* PROBLEM STATEMENT *
Begin at the line containing "Un escalier en" in the records below, end at the line containing "Sit back and", and retype each line in that span exactly. No other line and no image should appear.

* ENTRIES SUPPLIED *
<<<<

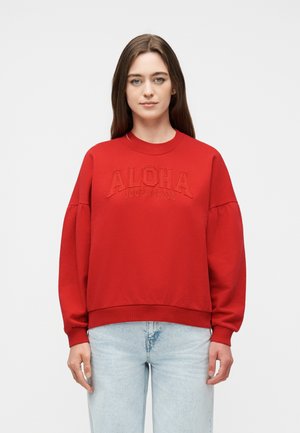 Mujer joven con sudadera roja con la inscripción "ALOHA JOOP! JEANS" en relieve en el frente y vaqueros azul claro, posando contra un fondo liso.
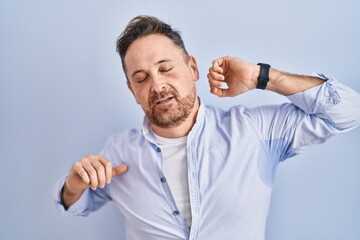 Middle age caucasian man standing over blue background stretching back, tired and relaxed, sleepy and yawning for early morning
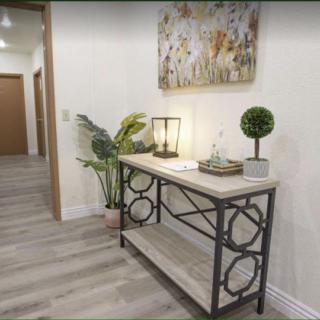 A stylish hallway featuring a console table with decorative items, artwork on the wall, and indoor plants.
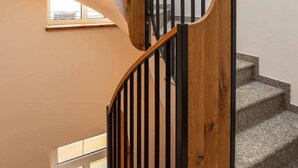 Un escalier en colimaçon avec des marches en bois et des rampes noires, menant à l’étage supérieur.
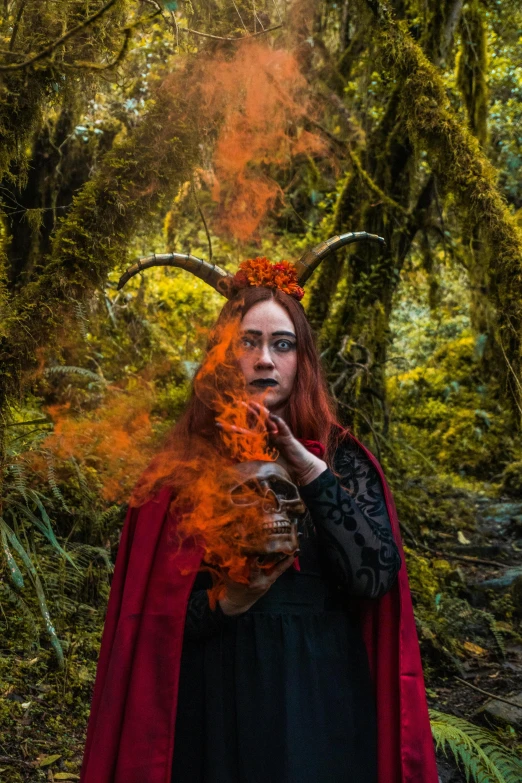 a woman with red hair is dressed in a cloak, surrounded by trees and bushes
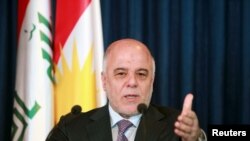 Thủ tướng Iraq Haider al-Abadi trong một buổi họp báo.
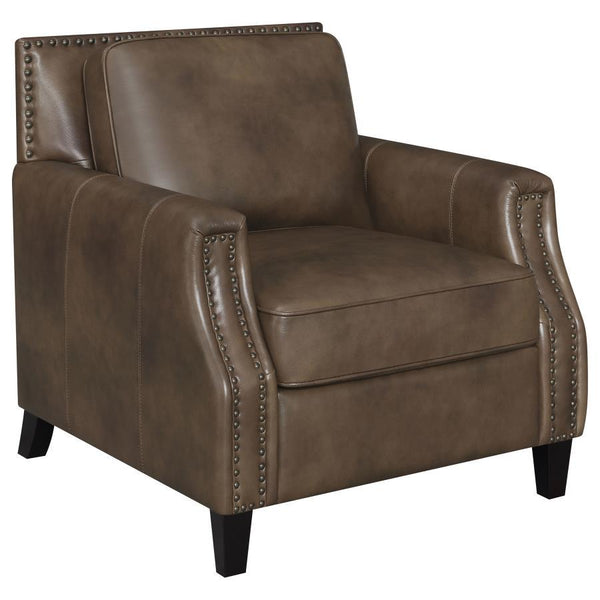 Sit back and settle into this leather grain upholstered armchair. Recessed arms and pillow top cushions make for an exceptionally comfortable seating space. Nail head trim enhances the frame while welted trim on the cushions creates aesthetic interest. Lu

>>>>
<<<<

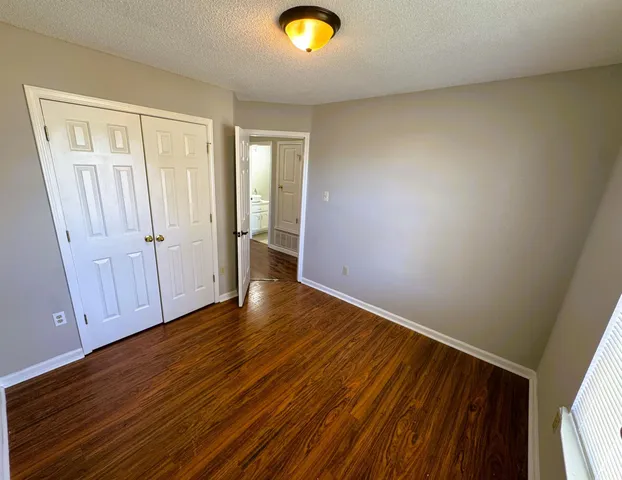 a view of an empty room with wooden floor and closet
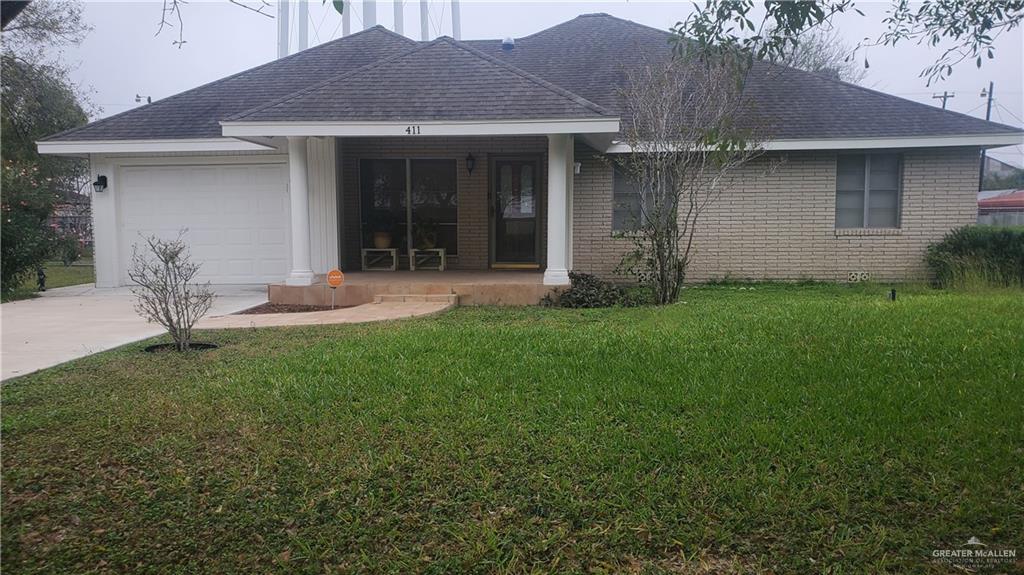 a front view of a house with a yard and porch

>>>>

* ANSWER FOR THE TASK *
 Un escalier en colimaçon avec des marches en bois et des rampes noires, menant à l’étage supérieur.
 a woman with red hair is dressed in a cloak, surrounded by trees and bushes
 Thủ tướng Iraq Haider al-Abadi trong một buổi họp báo.
 Sit back and settle into this leather grain upholstered armchair. Recessed arms and pillow top cushions make for an exceptionally comfortable seating space. Nail head trim enhances the frame while welted trim on the cushions creates aesthetic interest. Lu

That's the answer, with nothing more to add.